The WeWork S-1 that could have been.

Oh man, check out this investor deck WeWork posted the other day (and Matt Levine flagged yesterday). They had the good stuff all along but didn't share.

Occupancy rates, cohort analysis, churn rates, Enterprise breakouts. All the metrics that were obviously and vexingly missing from the S-1.

Since WeWork has barely had time to convert the sauna in Adam’s office into a broom closet and get the Gulfsteam listed on eBay, it seems obvious this information was ready to go but nixed by the visionary-in-chief.

Here we have near-perfect case studies in 1) the wide latitude company founders have in sharing (or not sharing) relevant data with prospective IPO investors, and 2) the massive information asymmetry between public- and private-market investors.

When we go out of our way to give attaboys to Peloton for actually disclosing its acquisition and churn metrics when no one else does, this is what we are talking about.

When we whine as loudly as we can that companies like WeWork of course know what good disclosure looks like and of course have on hand all the metrics any diligent and curious analyst would want, but instead file platitudes and "illustrative" nonsense numbers, this is what we are talking about.

And when we gripe that public investors are subject to outrageous insult when they get served processed pablum in IPO prospectuses in contrast to the rich disclosure the private investors who went before have gotten, this is what we are talking about.

For public-market investors this 49-page deck is a treasure trove of detailed metrics rarely seen in an S-1. For private-market investors this deck is childsplay – just a summary with an entire data room behind it holding gigabytes of detail.

Matt Levine correctly points out that the S.E.C. enforces a very strict and inflexible template on IPO issuers.
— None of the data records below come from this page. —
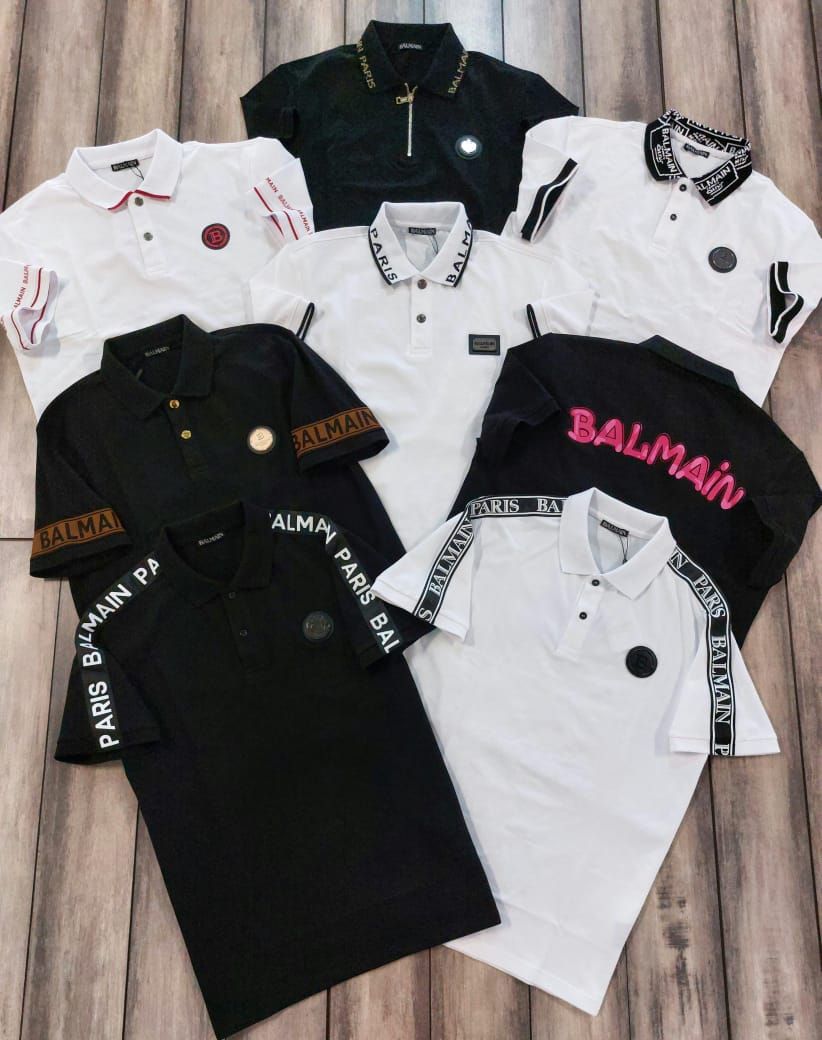 Balmain Premium Quality Collar Neck Half Sleeve Men’s Polo T-Shirts - 60 Pc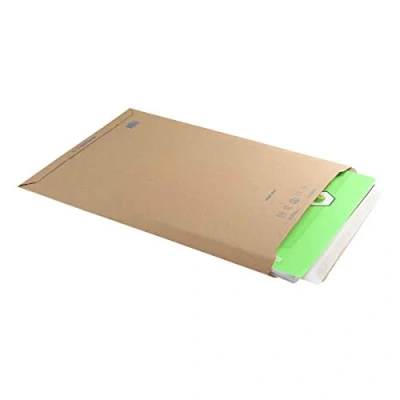 Image of Blake Purely Packaging 490 x 330 mm Corrugated Envelopes Plastic Free Peel &amp; Seal Tamper Evident Recycled (PCE70) Brown Kraft Pack of 100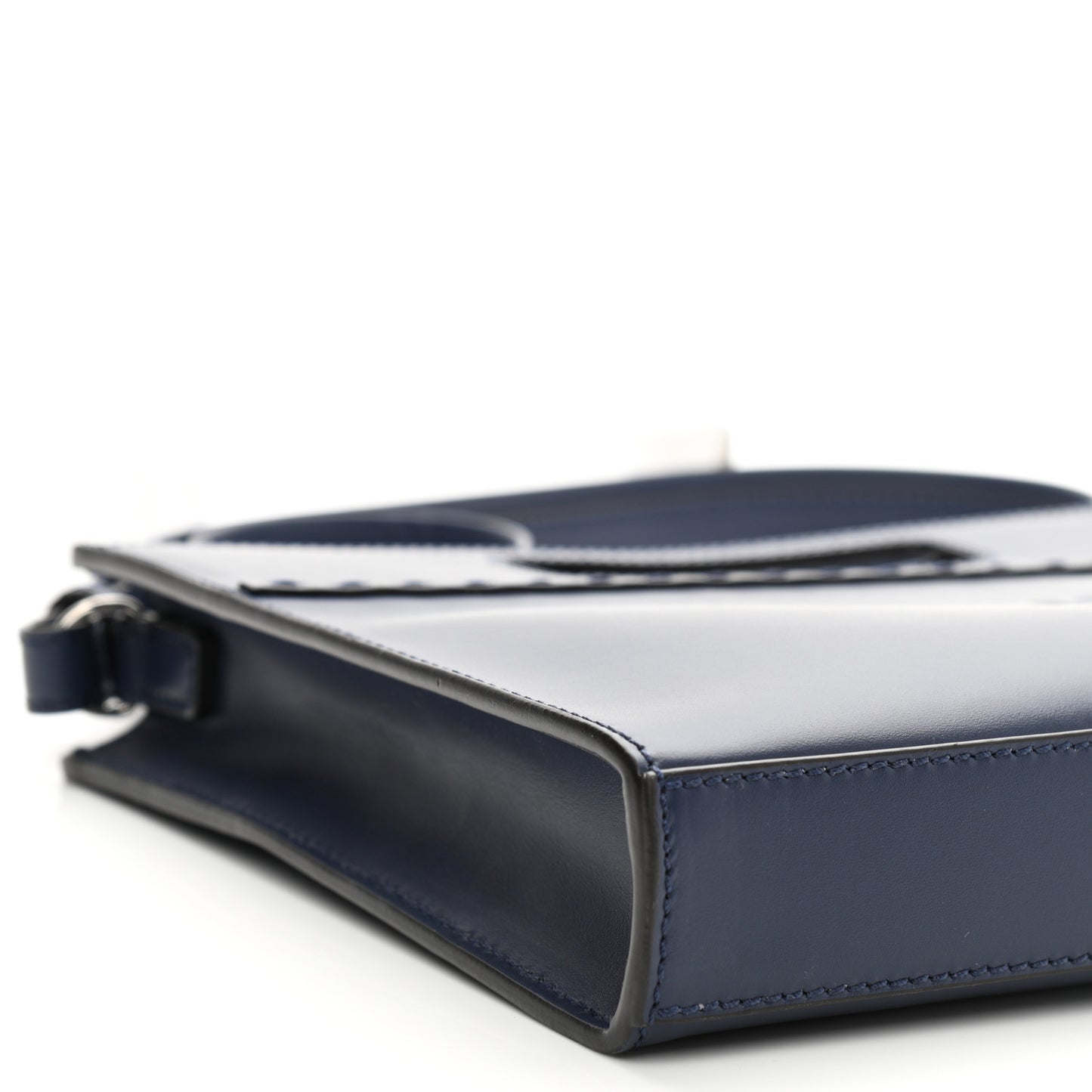 Vitello King Logo Embossed Mini East West Shopper Blueberry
As much as it's just good policy for avoidance of embarrassment to agree with Matt Levine in all things, it seems to us that there are precedents – Spotify being the most obvious – of rich "non-GAAP" disclosure to go with all of the required financial statements and prose narrative the template demands.

The WSJ wrote a great story yesterday about the pushing and shoving between WeWork's weapons-grade legal team and the S.E.C. about the confusing and incomplete nature of WeWork's disclosure. The S.E.C. has to put up a fight in the face of purposeful obfuscation.
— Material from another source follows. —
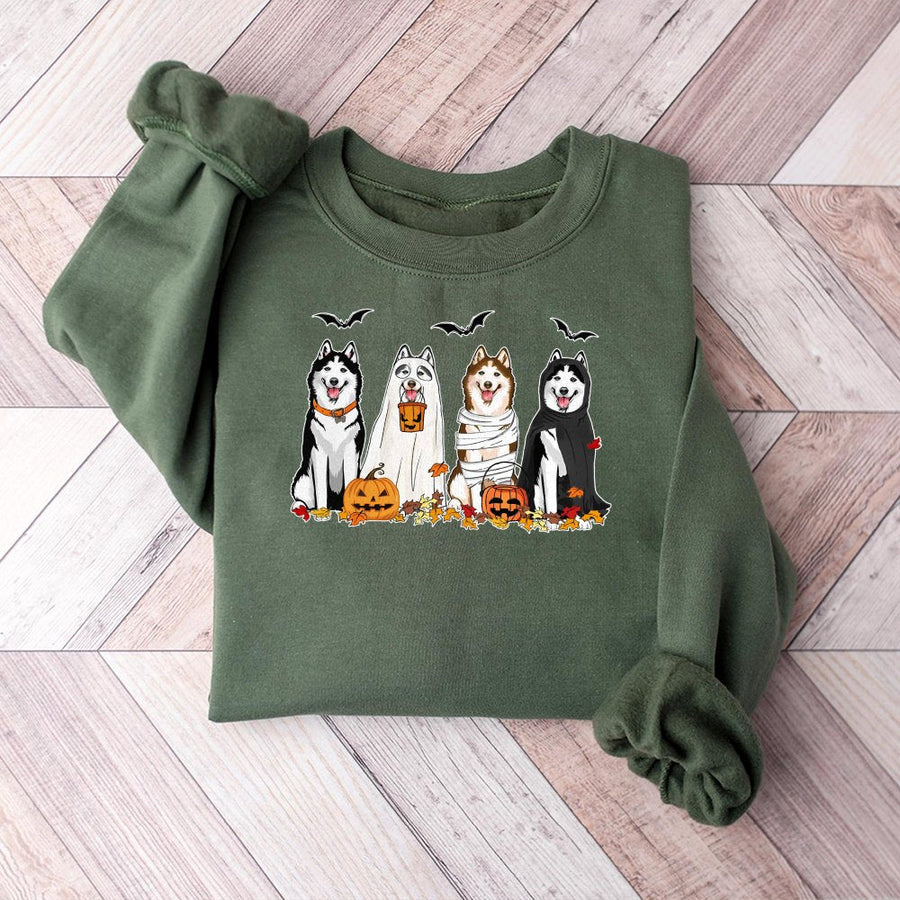 Husky Halloween Sweatshirt | Cute Ghost Dog Graphic Print | Premium Cotton Blend Unisex Crewneck | Funny Pet Lover Gift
But do we have a test case for the S.E.C. rejecting detailed disclosure because it was just too good, and too relevant, and too helpful to investors who really like to do the work? I mean why would anyone want to build a model at the unit level before handing over $3 billion to buy common equity in a levered cash furnace?

If we want such a case study, let's see what happens if – when they are ready to try again – WeWork files an S-1 with this goldmine of unit metrics and leaves "community-adjusted contribution to consciousness" out of it.

It could have gone down differently if they'd done it that way the first time.